# non s-line grill on s-line bumper...



## FreeGolf (Sep 18, 2003)

is it possible to put the all black non-sline grille in the s-line bumper? (reason being i do not want an s-line badge in the front, however i do want an all black grille.)


----------



## audiant (Feb 12, 2006)

yea it shouldnt be a problem. i remember opensky using the non s-line blackout grill on her s-line bumper


----------



## FreeGolf (Sep 18, 2003)

excellent news. i would prefer the clean front with out any other badges besides the rings... hopefully i can get this to work... thank you.


----------



## Euronymous Prime (Oct 23, 2000)

*Re: (FreeGolf)*

I'm faced w/a similar issue. I recently go a new s-line grill for a steal and I only wanted the black surround. Don't want the badge either, so I will be trying the swap as well. 

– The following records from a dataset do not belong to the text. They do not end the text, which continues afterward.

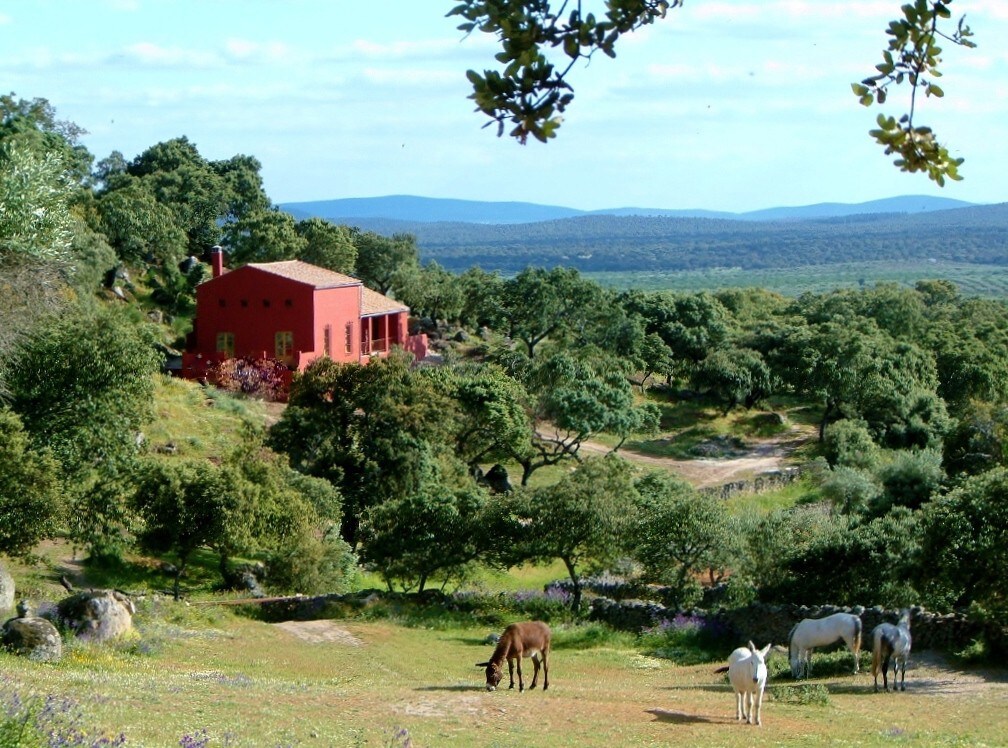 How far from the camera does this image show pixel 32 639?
729 inches

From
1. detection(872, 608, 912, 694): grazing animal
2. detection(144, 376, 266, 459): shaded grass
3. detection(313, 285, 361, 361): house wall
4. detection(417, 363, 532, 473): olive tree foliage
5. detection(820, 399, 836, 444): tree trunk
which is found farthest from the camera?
detection(820, 399, 836, 444): tree trunk

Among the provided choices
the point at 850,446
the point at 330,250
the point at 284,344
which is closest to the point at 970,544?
the point at 850,446

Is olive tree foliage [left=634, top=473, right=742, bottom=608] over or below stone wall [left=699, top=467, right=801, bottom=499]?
over

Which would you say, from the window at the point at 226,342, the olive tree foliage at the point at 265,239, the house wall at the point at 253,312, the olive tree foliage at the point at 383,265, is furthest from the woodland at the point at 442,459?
the olive tree foliage at the point at 383,265

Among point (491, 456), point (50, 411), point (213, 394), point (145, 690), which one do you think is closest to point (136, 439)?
point (50, 411)

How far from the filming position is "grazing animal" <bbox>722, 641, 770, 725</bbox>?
635 inches

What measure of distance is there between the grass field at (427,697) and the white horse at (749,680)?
0.23 metres

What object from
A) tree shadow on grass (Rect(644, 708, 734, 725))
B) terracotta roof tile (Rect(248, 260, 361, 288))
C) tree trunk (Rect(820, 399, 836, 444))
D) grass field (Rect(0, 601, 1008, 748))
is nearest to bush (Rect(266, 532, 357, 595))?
grass field (Rect(0, 601, 1008, 748))

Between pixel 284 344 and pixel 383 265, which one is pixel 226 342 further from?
pixel 383 265

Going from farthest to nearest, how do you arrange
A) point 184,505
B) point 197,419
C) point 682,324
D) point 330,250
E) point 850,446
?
1. point 682,324
2. point 330,250
3. point 850,446
4. point 197,419
5. point 184,505

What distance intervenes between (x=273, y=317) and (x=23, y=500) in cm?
2975

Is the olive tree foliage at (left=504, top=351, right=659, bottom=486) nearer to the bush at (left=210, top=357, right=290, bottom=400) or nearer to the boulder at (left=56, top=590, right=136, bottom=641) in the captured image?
the bush at (left=210, top=357, right=290, bottom=400)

_Modified by Euronymous Prime at 10:44 AM 3/24/2010_


----------



## FreeGolf (Sep 18, 2003)

please let me know how it goes... i do not want to go with fk or non oem parts... the fk grille has a cut-out for euro plate and kind of defeats the purpose of having a clean front if youre going to have a divet or tub for a euro plate.


----------



## ECS Tuning - Audi (Oct 12, 2009)

*FV-QR*

If you don't want the Fk grille, how about this: OEM A3 blackout grille You can use whatever plate filler you'd like with this.


----------



## krazyboi (May 19, 2004)

*FV-QR*


_Quote, originally posted by *[email protected]* »_If you don't want the Fk grille, how about this: OEM A3 blackout grille You can use whatever plate filler you'd like with this.


I'll *take* the FK grill.


----------



## FreeGolf (Sep 18, 2003)

*Re: FV-QR ([email protected])*


_Quote, originally posted by *[email protected]* »_If you don't want the Fk grille, how about this: OEM A3 blackout grille You can use whatever plate filler you'd like with this.

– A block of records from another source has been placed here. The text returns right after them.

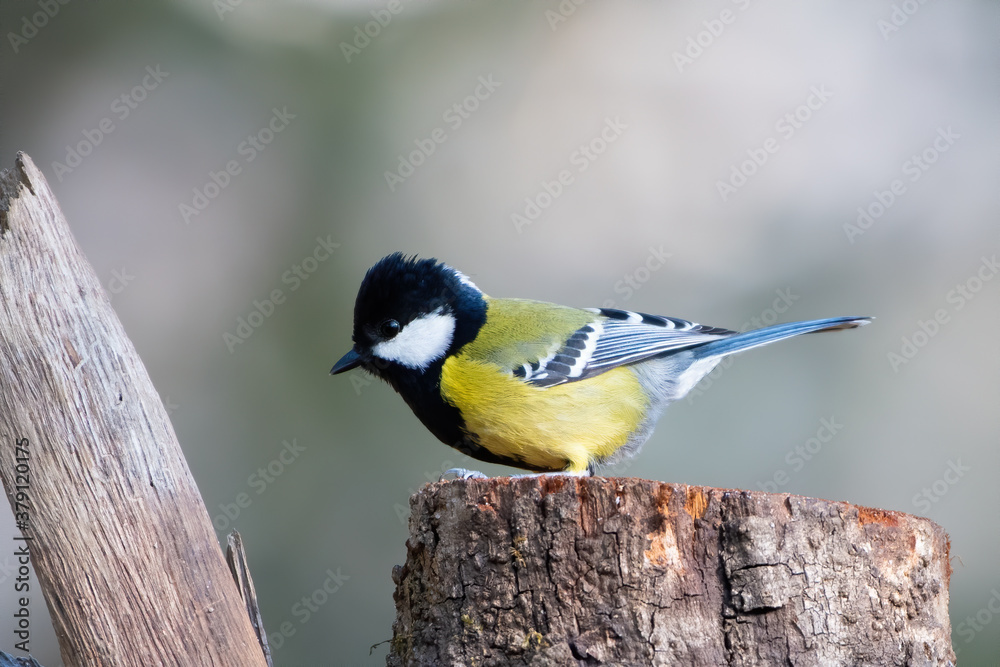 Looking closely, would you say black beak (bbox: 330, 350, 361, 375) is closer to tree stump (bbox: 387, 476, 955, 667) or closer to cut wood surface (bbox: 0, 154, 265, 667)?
cut wood surface (bbox: 0, 154, 265, 667)

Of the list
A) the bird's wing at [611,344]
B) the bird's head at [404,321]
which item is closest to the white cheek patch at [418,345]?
the bird's head at [404,321]

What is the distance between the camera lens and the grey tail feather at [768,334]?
100 inches

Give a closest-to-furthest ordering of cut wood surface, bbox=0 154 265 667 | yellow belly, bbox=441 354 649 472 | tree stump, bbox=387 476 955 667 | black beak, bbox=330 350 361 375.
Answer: tree stump, bbox=387 476 955 667, cut wood surface, bbox=0 154 265 667, yellow belly, bbox=441 354 649 472, black beak, bbox=330 350 361 375

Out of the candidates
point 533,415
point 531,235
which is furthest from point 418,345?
point 531,235

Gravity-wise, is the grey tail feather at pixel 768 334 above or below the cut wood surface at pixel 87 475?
above

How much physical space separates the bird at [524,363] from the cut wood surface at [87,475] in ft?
2.86

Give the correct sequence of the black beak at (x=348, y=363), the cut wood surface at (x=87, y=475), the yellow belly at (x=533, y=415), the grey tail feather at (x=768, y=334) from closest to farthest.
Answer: the cut wood surface at (x=87, y=475) → the yellow belly at (x=533, y=415) → the grey tail feather at (x=768, y=334) → the black beak at (x=348, y=363)

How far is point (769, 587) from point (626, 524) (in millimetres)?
331

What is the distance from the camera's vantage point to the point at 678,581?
1.63m

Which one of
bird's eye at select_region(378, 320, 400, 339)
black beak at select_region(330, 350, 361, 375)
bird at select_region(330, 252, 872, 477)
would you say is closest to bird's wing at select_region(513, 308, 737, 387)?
bird at select_region(330, 252, 872, 477)

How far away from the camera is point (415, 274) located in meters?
2.65

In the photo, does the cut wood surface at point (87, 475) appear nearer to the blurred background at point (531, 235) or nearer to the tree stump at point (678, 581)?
the tree stump at point (678, 581)

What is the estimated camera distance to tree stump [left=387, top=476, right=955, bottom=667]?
161 cm

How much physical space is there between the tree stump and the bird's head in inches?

that is the one i wanted to go with however i need to know if it will fit in an S-Line bumper. if so done deal.


----------



## ECS Tuning - Audi (Oct 12, 2009)

*FV-QR*

Then its a done deal, it fits


----------



## krazyboi (May 19, 2004)

*FV-QR*

Screw the OEM one. Save some money and get the FK blackout one


----------



## FreeGolf (Sep 18, 2003)

i dont like the euro tub. i will be plateless and it looks silly to have a cut out for a plate that isnt there... plus i prefer oem over after market parts when it comes to items like this.

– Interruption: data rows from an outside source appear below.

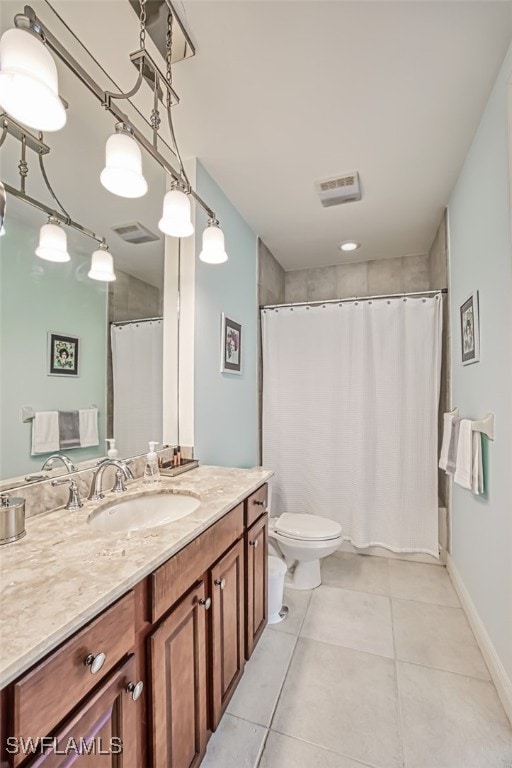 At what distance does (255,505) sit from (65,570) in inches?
34.4

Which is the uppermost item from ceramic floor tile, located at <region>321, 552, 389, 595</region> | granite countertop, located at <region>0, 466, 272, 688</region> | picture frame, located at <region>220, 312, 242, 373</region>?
picture frame, located at <region>220, 312, 242, 373</region>

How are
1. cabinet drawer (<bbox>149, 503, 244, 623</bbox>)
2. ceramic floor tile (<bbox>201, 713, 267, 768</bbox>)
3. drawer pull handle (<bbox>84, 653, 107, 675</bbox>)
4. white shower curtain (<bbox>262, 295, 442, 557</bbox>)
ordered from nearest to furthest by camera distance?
drawer pull handle (<bbox>84, 653, 107, 675</bbox>), cabinet drawer (<bbox>149, 503, 244, 623</bbox>), ceramic floor tile (<bbox>201, 713, 267, 768</bbox>), white shower curtain (<bbox>262, 295, 442, 557</bbox>)

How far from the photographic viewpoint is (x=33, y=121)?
85 centimetres

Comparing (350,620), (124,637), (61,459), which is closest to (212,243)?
(61,459)

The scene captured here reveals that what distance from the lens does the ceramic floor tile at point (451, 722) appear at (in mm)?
1116

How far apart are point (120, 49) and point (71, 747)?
1.96 m

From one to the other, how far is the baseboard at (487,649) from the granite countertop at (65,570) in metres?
1.28

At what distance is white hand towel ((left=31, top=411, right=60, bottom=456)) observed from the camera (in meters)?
1.08

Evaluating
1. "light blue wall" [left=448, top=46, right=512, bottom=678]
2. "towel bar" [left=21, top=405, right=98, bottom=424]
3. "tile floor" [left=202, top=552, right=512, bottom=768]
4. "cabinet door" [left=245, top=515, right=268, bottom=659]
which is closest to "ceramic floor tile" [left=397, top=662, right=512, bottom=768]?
"tile floor" [left=202, top=552, right=512, bottom=768]


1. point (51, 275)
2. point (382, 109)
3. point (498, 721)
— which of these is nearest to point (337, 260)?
point (382, 109)

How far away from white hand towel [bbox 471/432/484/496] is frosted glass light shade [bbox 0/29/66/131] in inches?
77.0

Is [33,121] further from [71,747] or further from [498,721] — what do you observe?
[498,721]

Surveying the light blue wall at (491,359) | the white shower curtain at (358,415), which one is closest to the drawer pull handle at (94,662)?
the light blue wall at (491,359)

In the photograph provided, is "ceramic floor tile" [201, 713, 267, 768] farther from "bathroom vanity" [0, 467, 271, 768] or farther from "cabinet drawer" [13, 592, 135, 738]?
"cabinet drawer" [13, 592, 135, 738] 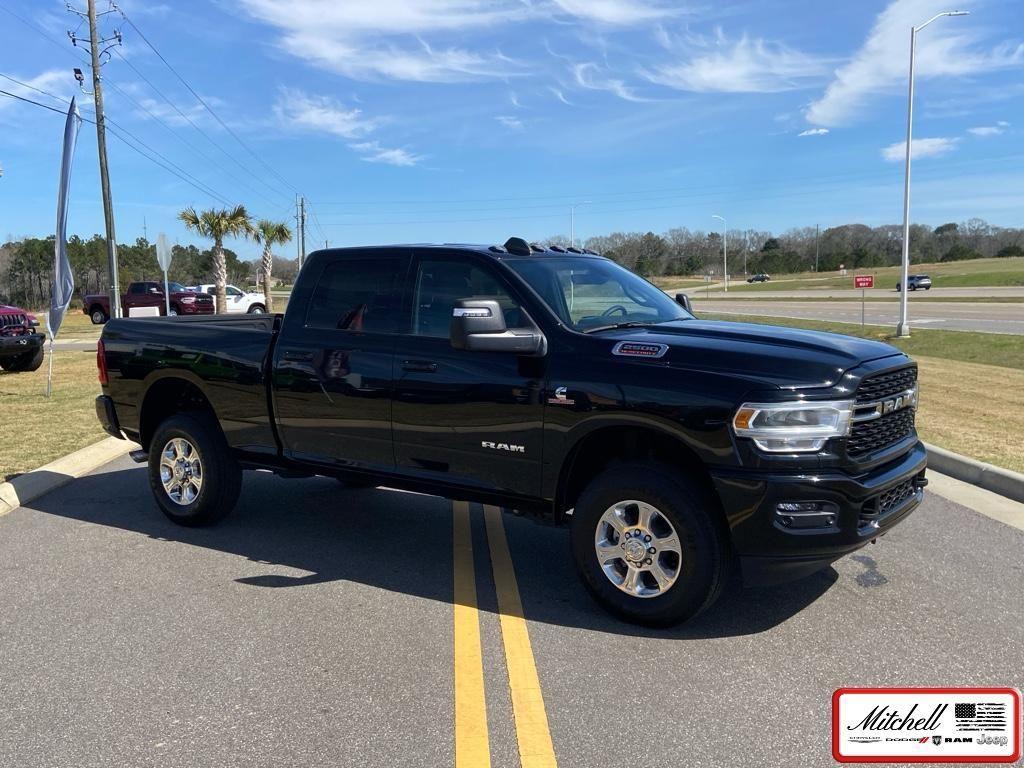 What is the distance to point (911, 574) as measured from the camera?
5059mm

_Quote, originally posted by *[email protected]* »_Then its a done deal, it fits









thank you. expect an order shortly.


----------



## HappyBlumpkin (Nov 20, 2008)

*Re: non s-line grill on s-line bumper... (FreeGolf)*

I have a non-sline grill in an Sline bumper, fits in fine.


----------



## FreeGolf (Sep 18, 2003)

excellent, thank you for the confirmation. now i will buy one.


----------



## Euronymous Prime (Oct 23, 2000)

*FV-QR*

Sorry, I think my situation was the reverse of yours...mounting sline grill in non sline. It fit fine, btw.
Only thing I still have to figure out is what to do for the sline badge, since mine's an 06 w/sport package.


----------



## FreeGolf (Sep 18, 2003)

that is the whole thing i would like to avoid. i want the least amount of badges as possible.


----------



## Uber-A3 (Feb 23, 2002)

*Re: (FreeGolf)*

all the grills are interchangeable in pre face lift cars


----------



## FreeGolf (Sep 18, 2003)

excellent, thank you for the heads up.


----------



## FreeGolf (Sep 18, 2003)

installed the other weekend, didnt get around to loading pics until this evening... poor pic but all i have at the moment... 










did solaris marker lights as well and front plate delete. 

not really mods, and i hate posting pics of a stock car but for those that were wondering or wanted to see what it looked like to help them make the decision as well, here you go.


----------